L'ordre mondial "tel que nous le connaissons" et "l'avenir" de l'Otan sont en jeu, a estimé Lars Lokke Rasmussen, ministre des Affaires étrangères du Danemark, assurant ne pas douter d'un "soutien européen fort".

"Ensemble, nous tenons fermement notre engagement de défendre la souveraineté du Groenland et du royaume du Danemark", a souligné la présidente de la Commission européenne Ursula von der Leyen, qui s'est entretenue avec plusieurs dirigeants dont le Premier ministre britannique Keir Starmer et la cheffe du gouvernement italien Giorgia Meloni.

"Unis et coordonnés" 

"Les menaces douanières sapent les relations transatlantiques et risquent de conduire à un dangereux engrenage. Nous continuerons à rester unis et coordonnés dans notre réponse. Nous sommes déterminés à défendre notre souveraineté", ont déclaré le Danemark, la Finlande, la France, l'Allemagne, les Pays-Bas, la Norvège, la Suède et le Royaume-Uni dans un communiqué commun.

La veille, M. Trump avait haussé le ton à la suite de l'envoi de militaires européens sur l'île, territoire autonome danois, dans le cadre de manœuvres danoises. Ces huit pays "se sont rendus au Groenland dans un but inconnu" et, en "se livrant à ce jeu très dangereux, ont pris un risque inacceptable", a-t-il dit.

Il a menacé de leur imposer de nouveaux droits de douane jusqu'à ce qu'"un accord soit conclu pour la vente complète et intégrale du Groenland". Une surtaxe de 10% à partir du 1er février, qui pourrait monter à 25% au 1er juin.

Echange entre Rutte et Trump 

Depuis son retour au pouvoir il y a un an, M. Trump parle régulièrement de prendre le contrôle de l'immense île située entre l'Amérique du nord et l'Europe, invoquant des raisons de sécurité nationale face aux avancées russes et chinoises en Arctique.
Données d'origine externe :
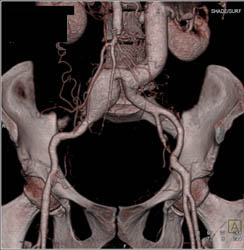 Aortic Aneurysm - CTisus CT Scan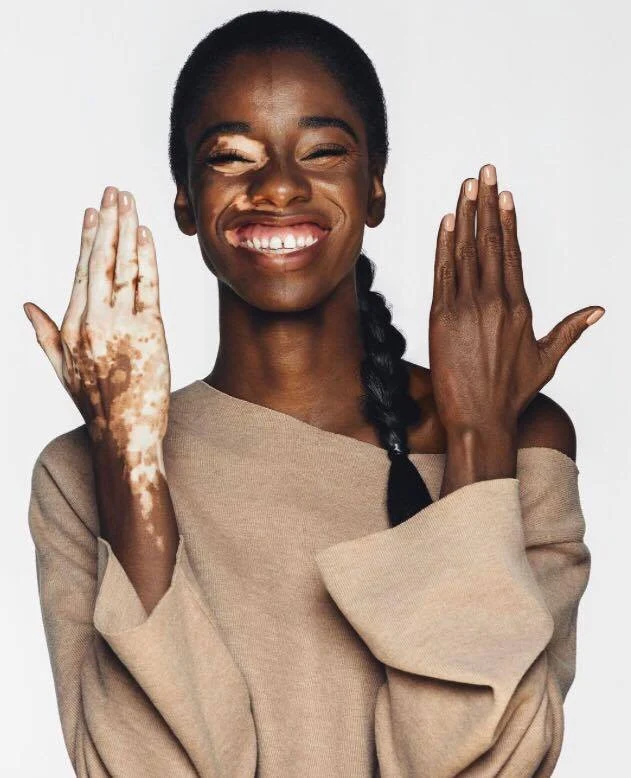 El Vitiligo de Aiesha Robinson - Born To Rise.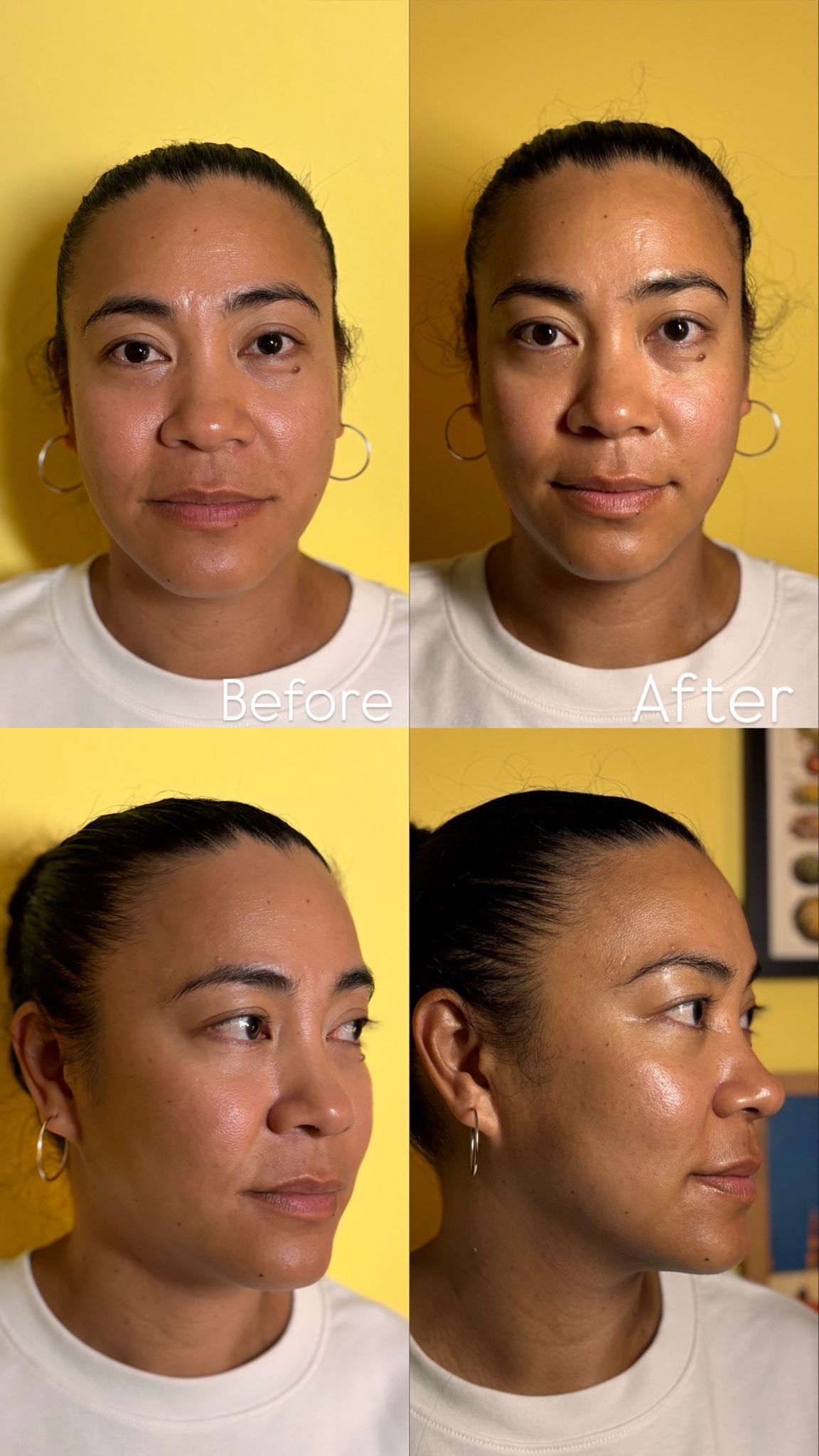 Mukha client before and after facial therapy treatment Surbiton Surrey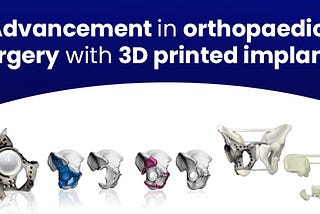 Advancement in orthopaedic surgery with 3D printed implants — 3DIncredible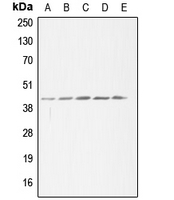 ACAT1 Antibody - Western blot analysis of ACAT1 expression in HeLa (A); HEK293T (B); SP2/0 (C); H9C2 (D); THP1 (E) whole cell lysates.
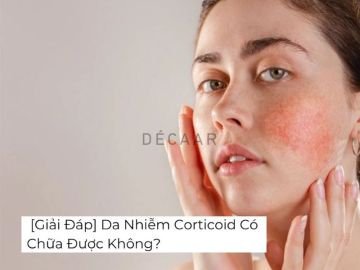 [Giải Đáp] Da Nhiễm Corticoid Có Chữa Được Không?
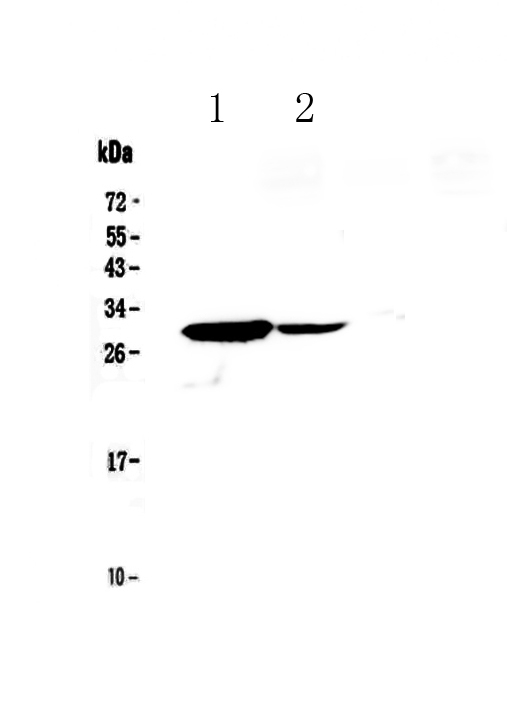 Western blot analysis of IL17C using anti-IL17C antibody (A00164-2).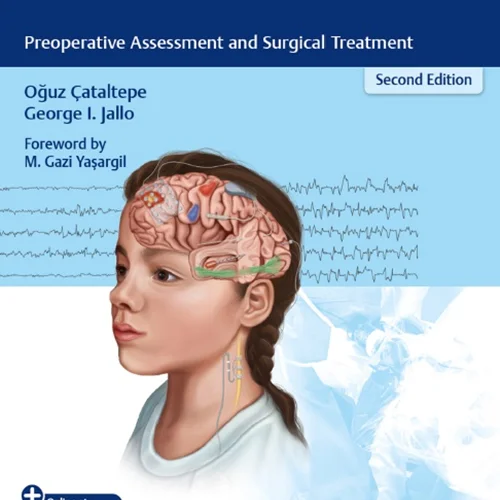 دانلود کتاب جراحی صرع کودکان: ارزیابی قبل از عمل و درمان جراحی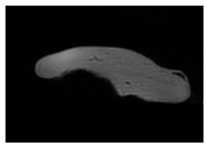 Jcm 13 03440 i069 Jcm 13 03440 i069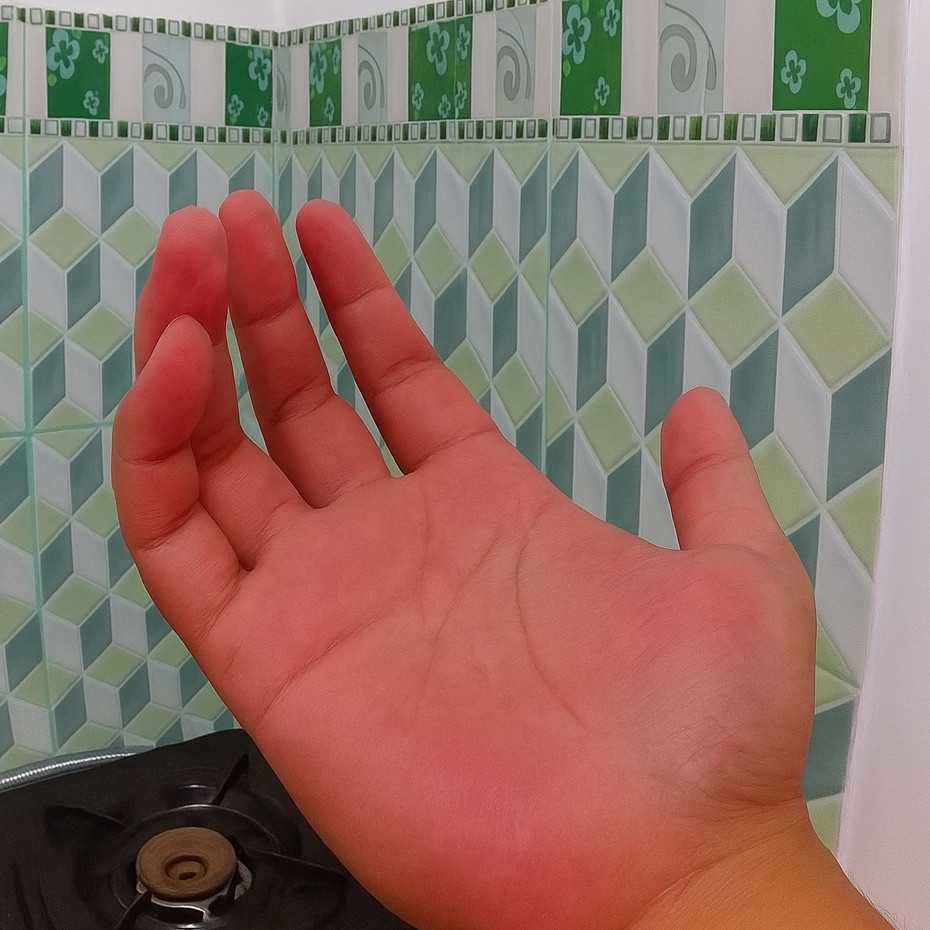 Bukan minyak atau beras, ini trik hilangkan rasa panas di tangan usai potong cabai pakai 1 bahan dapur
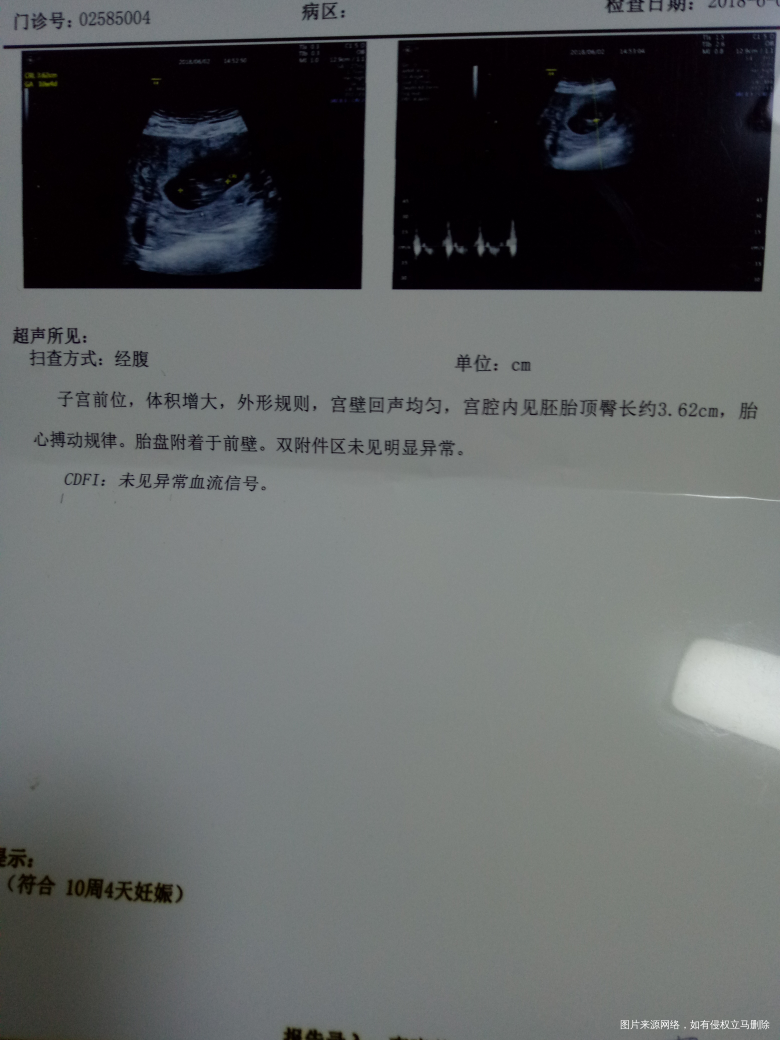 麻烦看看正常吗?谢谢啦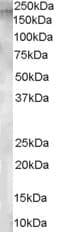 IHC-plus™ ENPEP / Aminopeptidase A Antibody (aa805-818)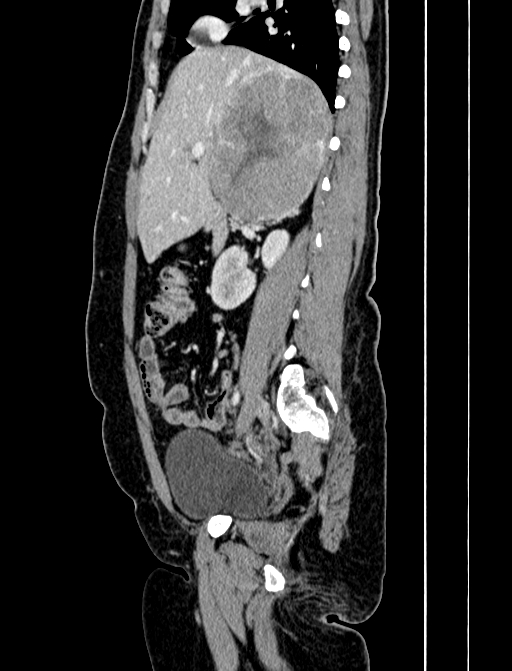 Adrenocortical carcinoma (Radiopaedia 87281-103569 Sagittal C+ portal venous phase 103).jpg
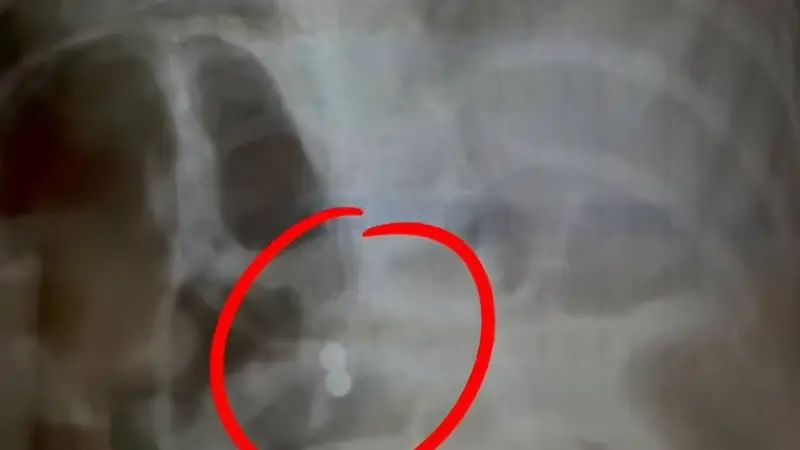 三岁男童误吞磁力珠 奶奶轻视 医生紧急呼吁送医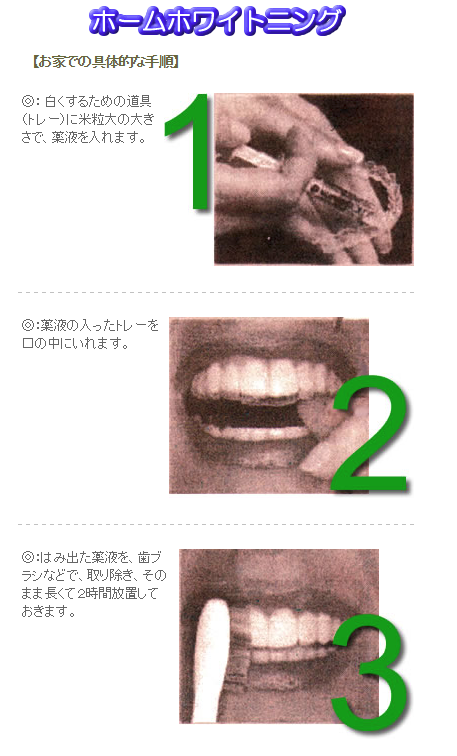 ホワイトニングの手順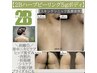 【2Bバイオハーブピーリング5gボディ】肌質改善ニキビケア/肌荒れに剥離◎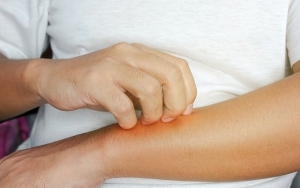 Meminum Antibiotik Tanpa Arahan Dokter Juga Bisa Picu Alergi
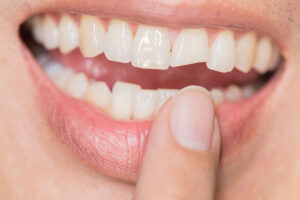 Treatment options for a cracked tooth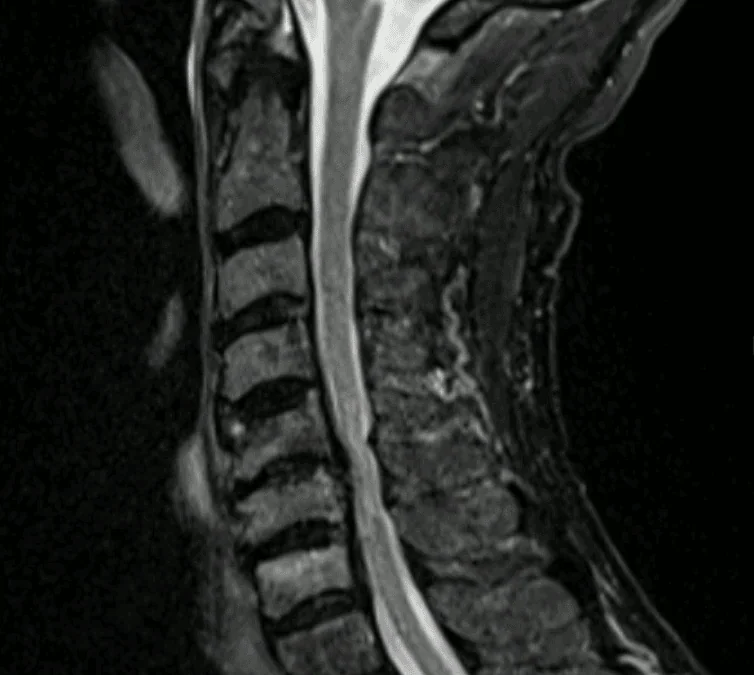 Mielopatia cervical degenerativa em C5-C6 tratada por ACDF (artrodese cervical anterior): descomprimir a medula para preservar a função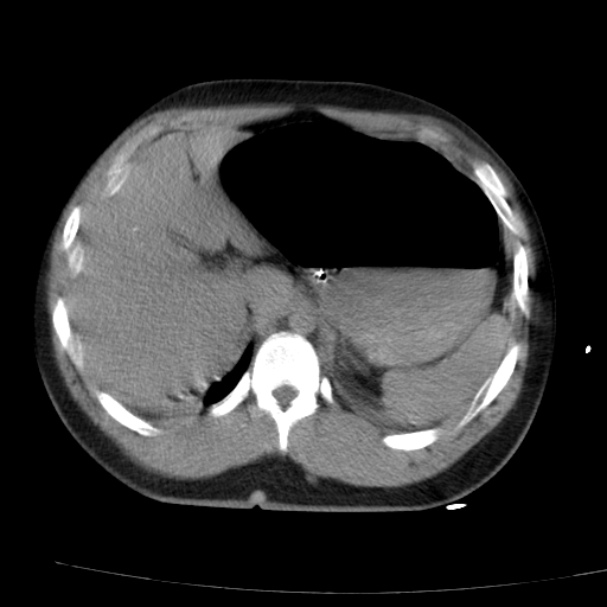 Acute aspiration pneumonitis (Radiopaedia 33605-34703 Axial non-contrast 80).jpg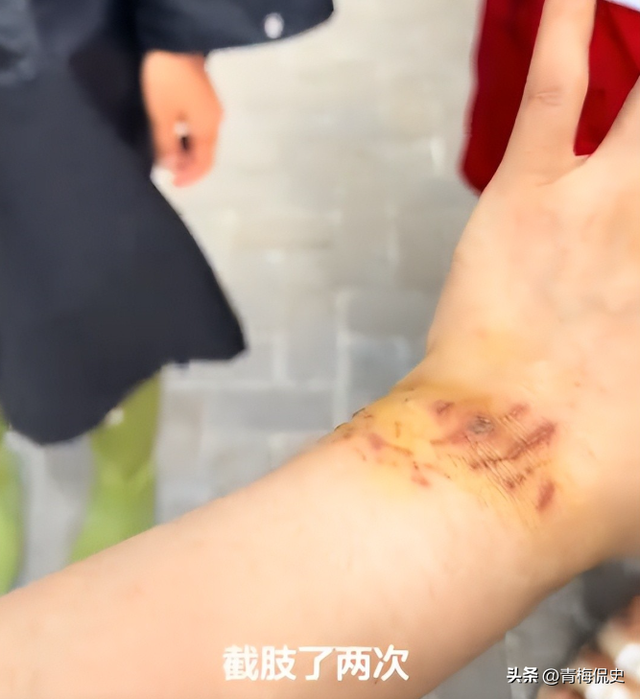 生理期潜水被鲨鱼咬伤后续：女子露面透细节，仍在感染中，已就医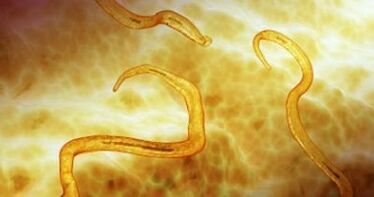 pinworm parasites in the human body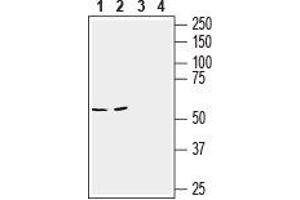 Western blot analysis of mouse brain (lanes 1 and 3) and colon (lanes 2 and 4) lysates: - 1,2. (Slc6a14 antibody  (2nd Extracellular Loop))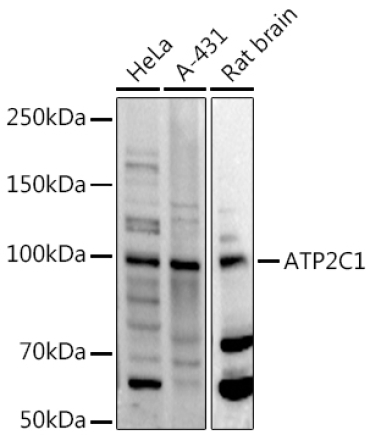 ATP2C1 Rabbit Polyclonal Antibody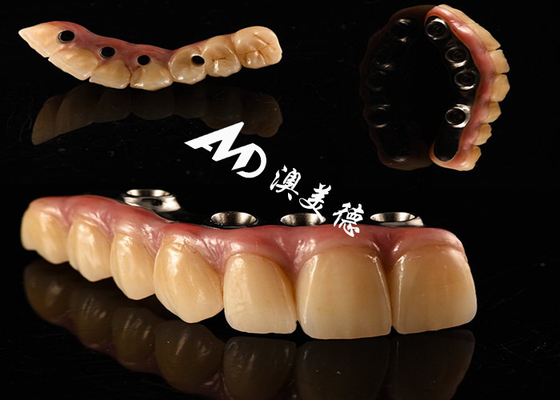 주문 자연스러운 외모의 치아 임플란트 크라운 브릿지 online manufacture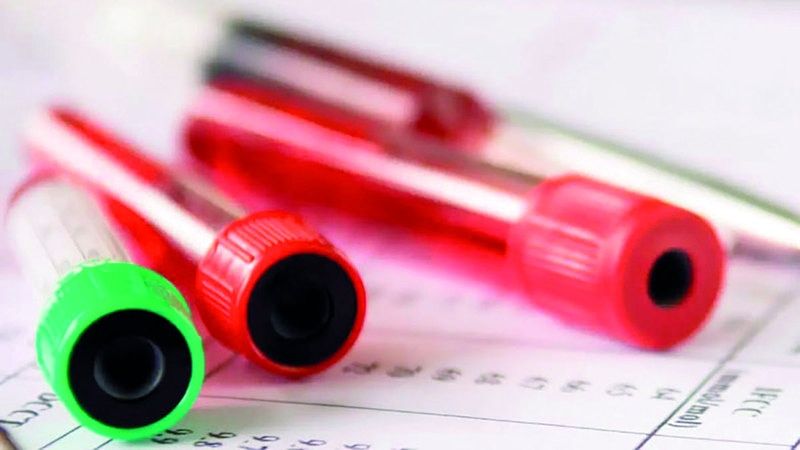 الامارات | اختبار فاعلية علاجات جديدة لـ «الثلاسيميا»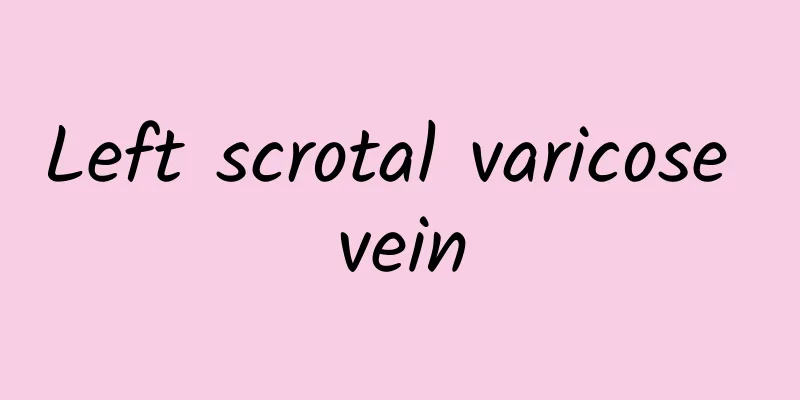Left scrotal varicose vein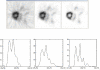 FIGURE 7.7. Images of mouse heart illustrate improvements due to image reconstruction: (left) filtered backprojection algorithm, (middle) iterative ordered-set expectation maximization (OSEM) algorithm, (right) OSEM with detector response modeling.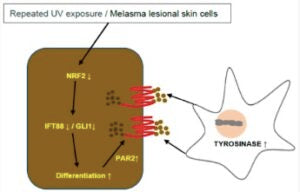 Does LED Phototherapy work? | Melasma Dr Davin Lim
Cette "dispute" territoriale entre les Etats-Unis et le Danemark, deux pays membres de l'Otan, est inédite, et menace l'Alliance atlantique dans son existence, 77 ans après sa création en 1949.

Très prudent sur ce dossier qui le place dans une position extrêmement inconfortable, son secrétaire général, Mark Rutte, a annoncé dimanche soir qu'il avait échangé avec Donald Trump.

"J'ai discuté avec le président des États-Unis de la situation sécuritaire au Groenland et dans l'Arctique. Nous poursuivrons nos efforts sur ce sujet et je me réjouis de le rencontrer à Davos en fin de semaine", a-t-il simplement indiqué sur X M. Rutte, sans autre précisions sur le contenu de cet échange téléphonique très attendu.